Колонии: как они образуются, растут и умножаются в числе
Разнообразие форм и конструкций, открывающееся взору натуралиста уже при первой экскурсии в микромир колониальных одноклеточных, поистине поразительно. И в самом деле, чего здесь только нет! Соединенные в цепочки звездообразные амебы; амебы иной формы, сидящие в округлых домиках и связанные в ажурную сеть тончайшими нитями протоплазмы; слизистые пластины правильных геометрических очертаний: квадратные с изящно закругленными углами, эллипсовидные, с идеально округлыми обводами, в центре которых в строгом порядке покоятся изумрудные клетки; стекловидные бокалы, громоздящиеся друг на друга вместе с погруженными в них крошечными живыми тельцами; ажурные шары, медленно движущиеся в толще воды; прозрачные кубики, словно отштампованные искусным мастером, с просвечивающими сквозь их стенки многочисленными клетками, уложенными с математической точностью в строго параллельные ряды. Этот перечень можно было бы продолжать страницу за страницей, так и не исчерпав всего богатства фантазии природы.
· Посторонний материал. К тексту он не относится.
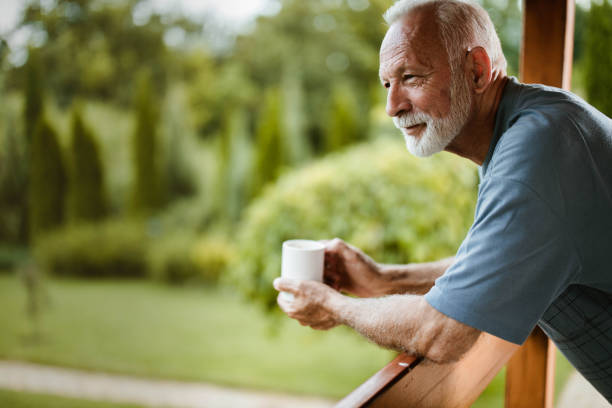Smiling mature man enjoying in morning coffee on a terrace. Senior man having his morning coffee on a balcony and day dreaming. Copy space. sunday coffee stock pictures, royalty-free photos & images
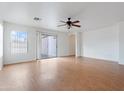 Bright living room with sliding glass doors, neutral paint, wood-look floors, and a ceiling fan at 2323 W Carson Rd, Phoenix, AZ 85041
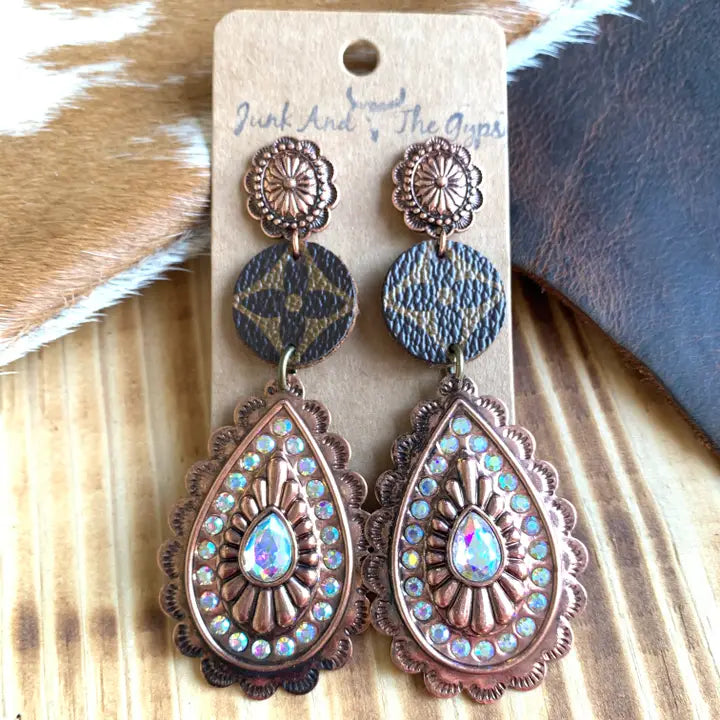 Pair of ornate earrings on a wooden surface with 'Junk and the Gyps' branding.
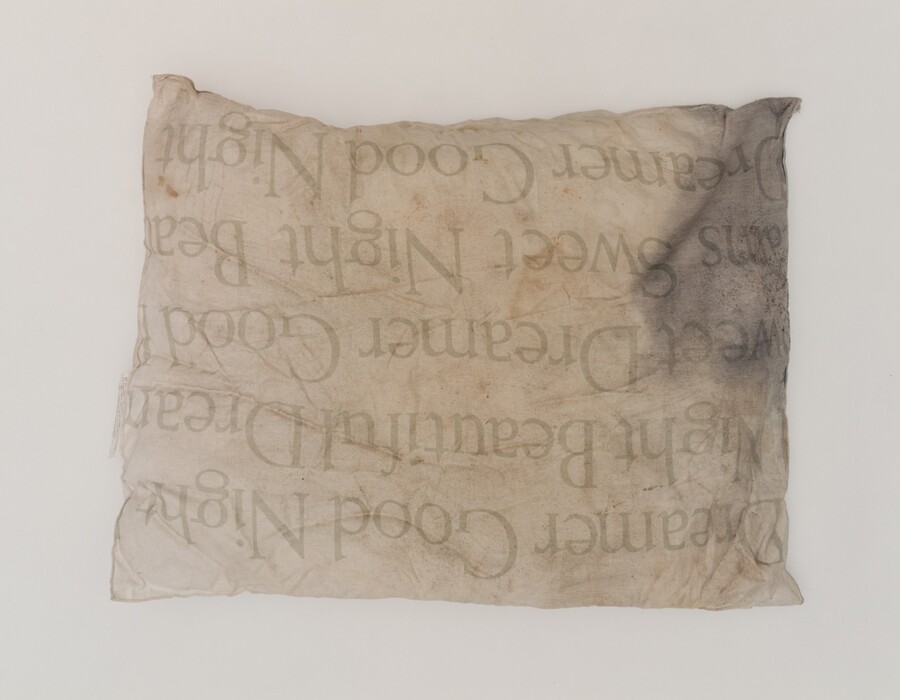 This is a photograph of a pillow with printed text. The image shows a slightly worn pillow with faint, greenish text phrases such as "Sweet Dreams" and "Good Night." The pillow has a crumpled appearance with some discoloration, particularly in the top right corner. The texture of the fabric is patchy and aged, and the background is plain and neutral, highlighting the pillow.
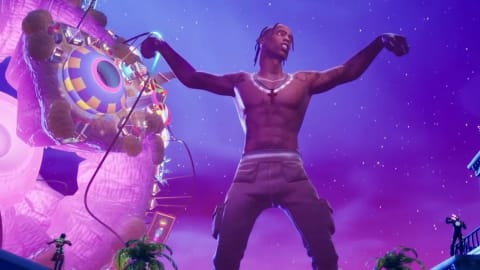 An oversized virtual avatar of hip-hop artist Travis Scott dominates a vibrant, neon-purple night sky as he performs during his groundbreaking "Astronomical" concert event within Epic Games' battle royale game, Fortnite. The shirtless character model towers over the game's colorful landscape, arms outstretched in a performance pose against a backdrop filled with floating, multi-colored amusement park structures and distant glowing stars, while smaller player characters look on from rooftops and platforms below during the highly successful April 2020 live music activation.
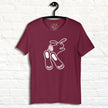 Chill Bunny Line Art Tee hanging against a white brick wall, showing the relaxed rabbit outline on a maroon shirt.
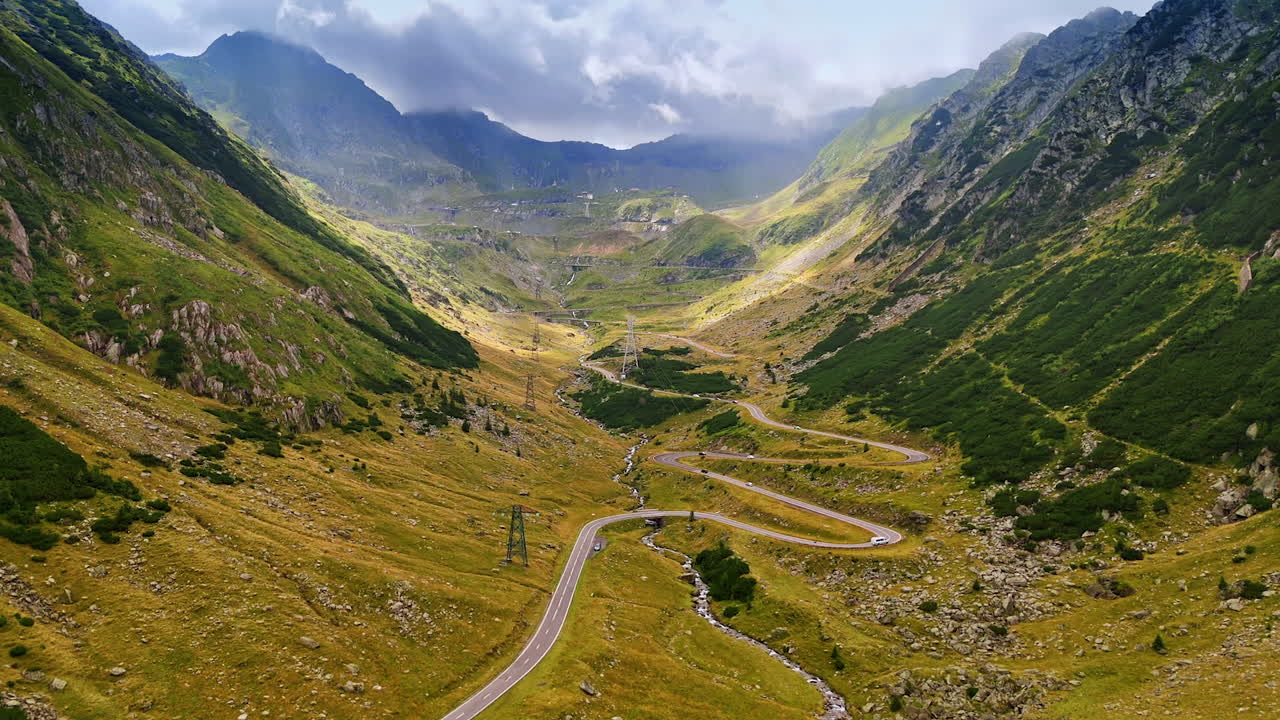 Stunning Transfagarash highway in the Carpathian Mountains, Romania. Dramatic clouds cover the rocks at backdrop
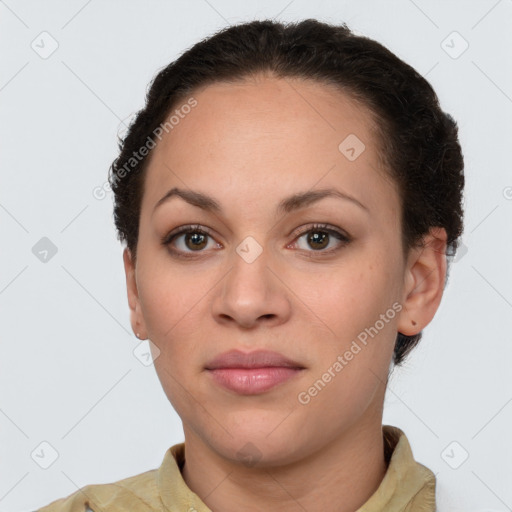 Joyful latino young-adult female with short  brown hair and brown eyes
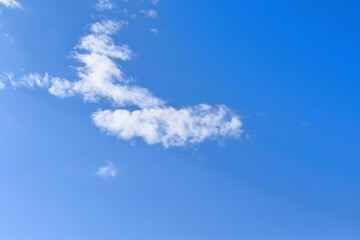 Blue sky with white fluffy cloud. Cumulus clouds background. Cloudscape morning sky. The concepts of freedom of life, never give up and positive though energy.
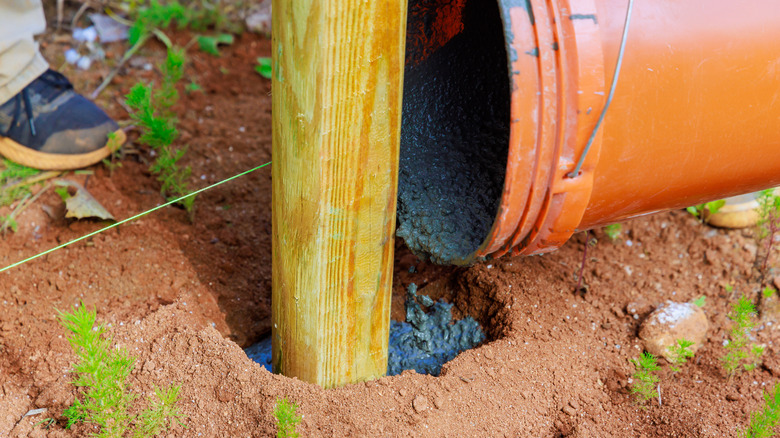 person pouring concrete around fence post from an orange bucket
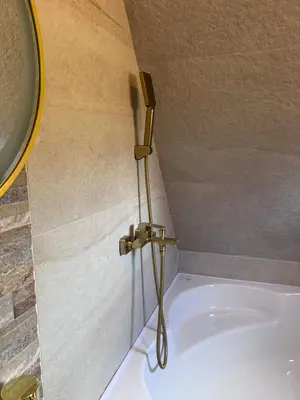 a bath tub with a faucet in a bathroom at Cottage Lana 2 in Jajce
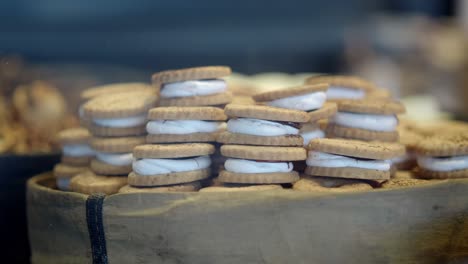 stacked sandwich cookies with white filling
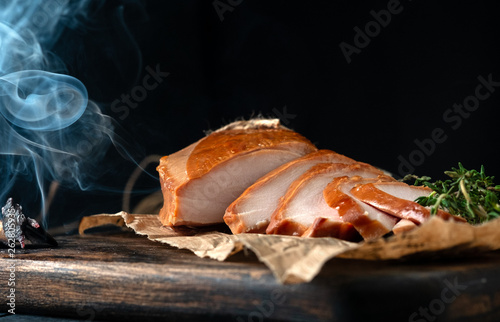Smoked breast chicken fillet whole and sliced on wooden board. Rustic natural food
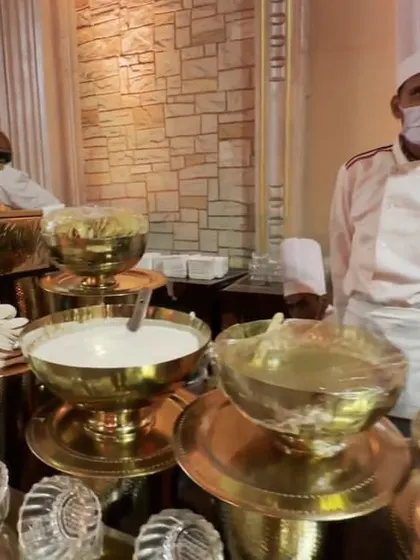 A chef stands proudly behind a live station featuring various accompaniments and chutneys served in traditional brass bowls, ready to customize dishes for guests.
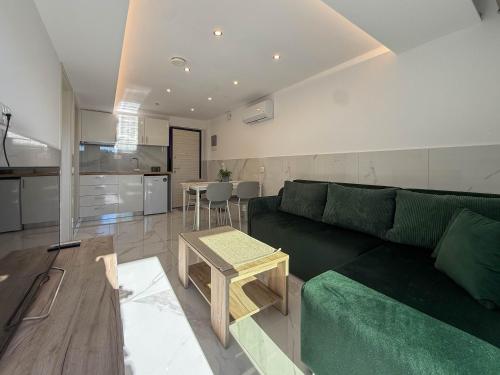 a living room with a green couch and a table at MELISSA Suites By SDR in Paralia Katerinis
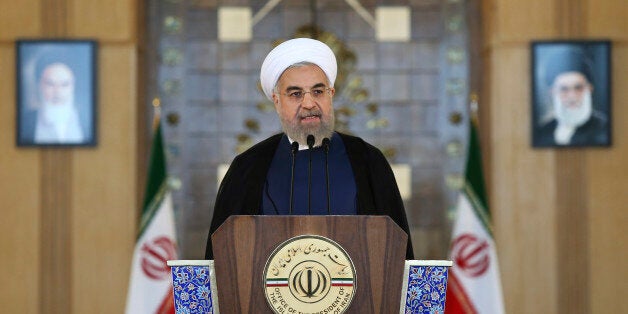 Iran's President Hassan Rouhani addresses the nation in a televised speech after a nuclear agreement was announced in Vienna, in Tehran, Iran, Tuesday, July 14, 2015. Rouhani said "a new chapter" has begun in his nation's relations with the world. He maintained that Iran had never sought to build a bomb, an assertion the U.S. and its partners have long disputed. (AP Photo/Ebrahim Noroozi)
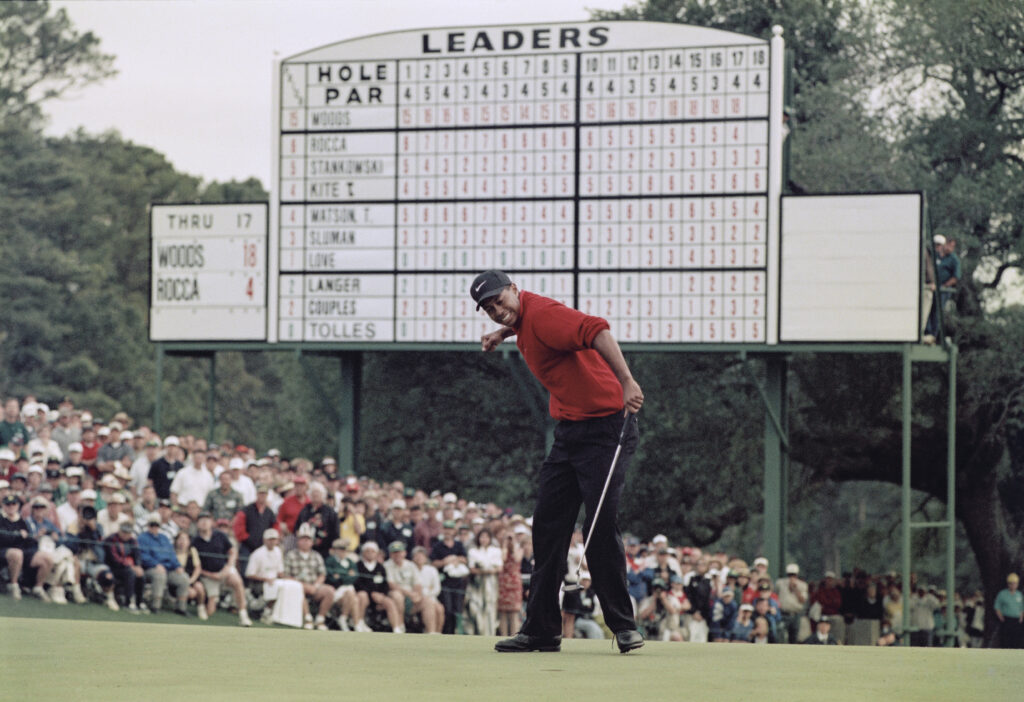 Tiger Woods holes the winning put to lift the 1997 Masters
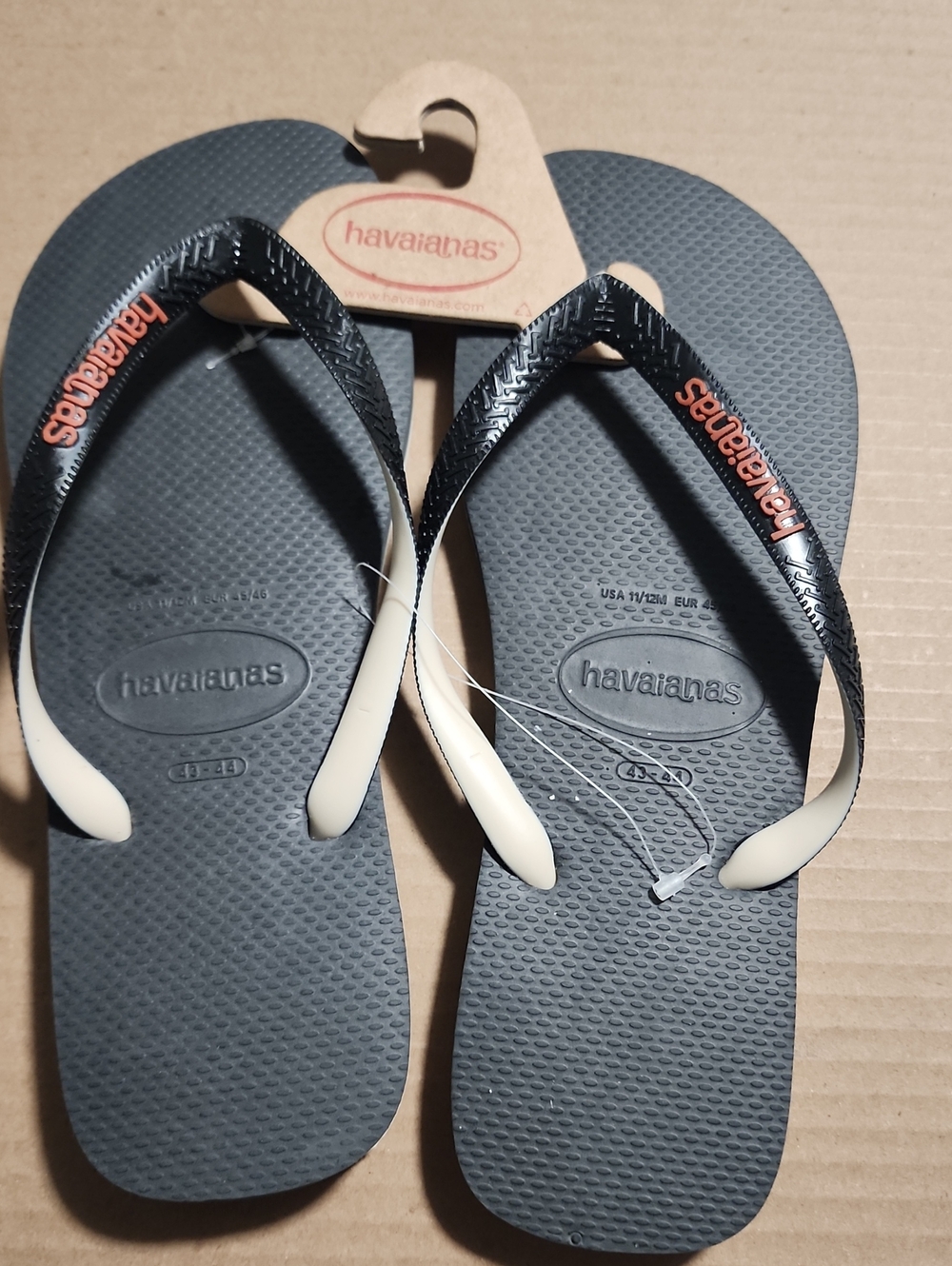 Havaianas Flip Flops - Charcoal Gray Footbed with Cream Straps and Orange Logo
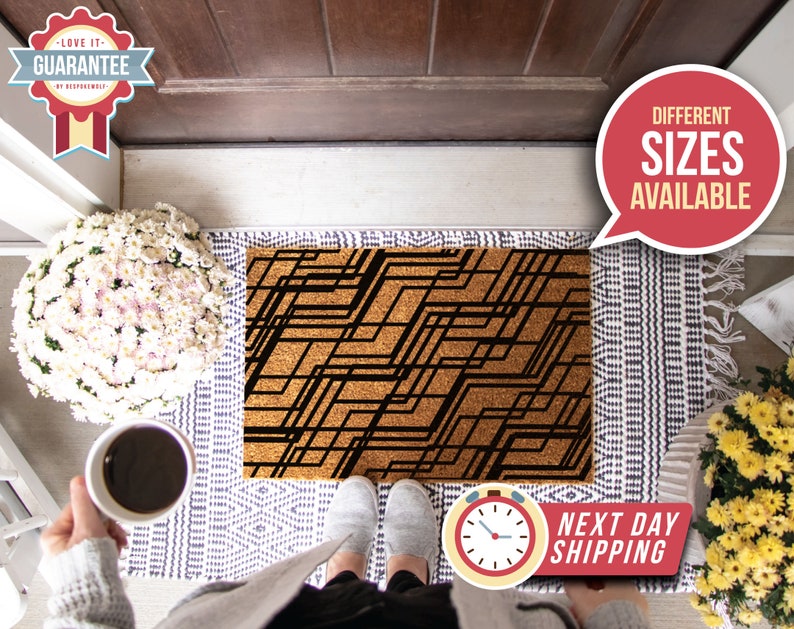 May include: A brown coir doormat with a black geometric pattern. The doormat is placed on a white and gray patterned rug. The text "Different Sizes Available" is in a red speech bubble in the upper right corner of the image.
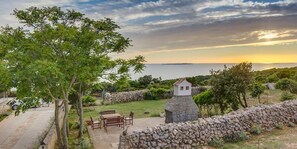 Un muro de piedra, una mesa de madera con sillas y una edificación de piedra con un ventanal pequeño.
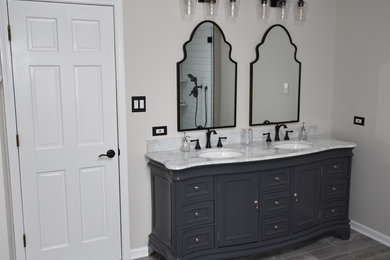 Diseño de cuarto de baño tradicional renovado de tamaño medio con armarios con rebordes decorativos, puertas de armario negras, paredes beige, lavabo encastrado, suelo gris y encimeras blancas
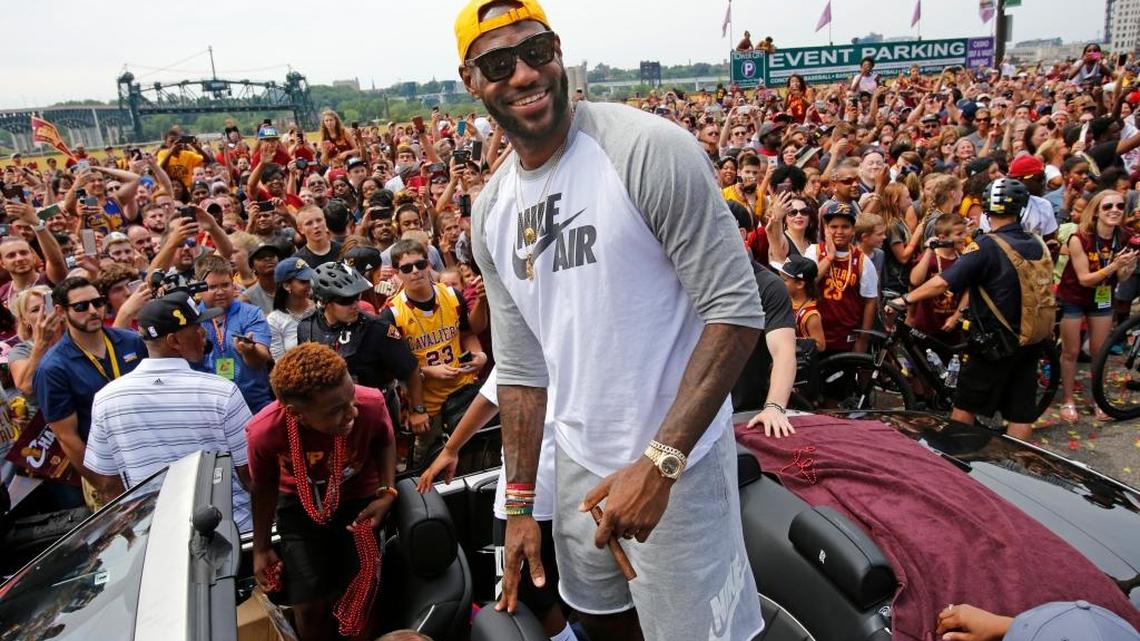 LeBron James stands in the back of a Rolls Royce at the beginning of the NBA championship parade in downtown Cleveland on June 22.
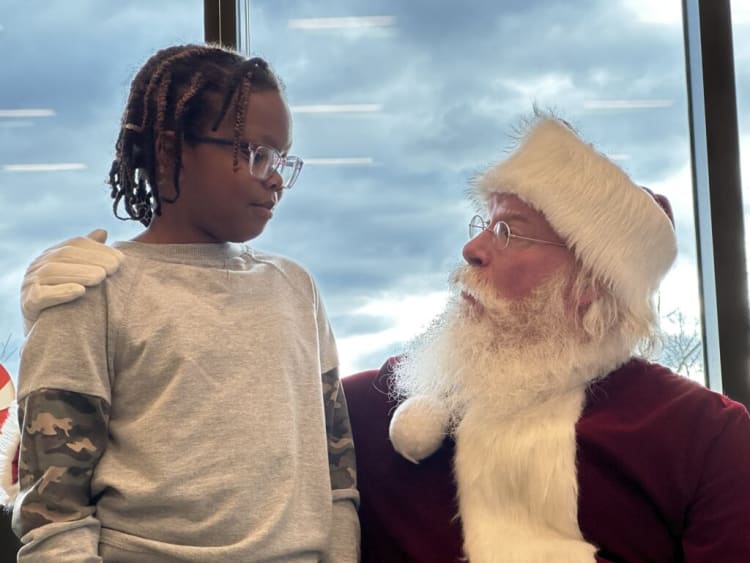 A child with braided hair wearing a gray sweatshirt with camouflage sleeves stands next to a person dressed as Santa Claus in a red suit with white fur trim, sitting by a large window with a cloudy sky outside.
Способы образования всех этих, столь непохожих друг на друга объединений клеток во многом сходны, поскольку любая такая колония представляет собой группу потомков одной-единственной клетки. Например, у бактерий-миккококов цитоплазма родительской клетки делится перегородками на множество отсеков неправильной формы. Так возникает с десяток или более дочерних клеток, которые до поры до времени остаются в тесной связи друг с другом, а затем выходят из оболочки родительской клетки и становятся вполне самостоятельными. Здесь перед нами типичный пример временной колонии.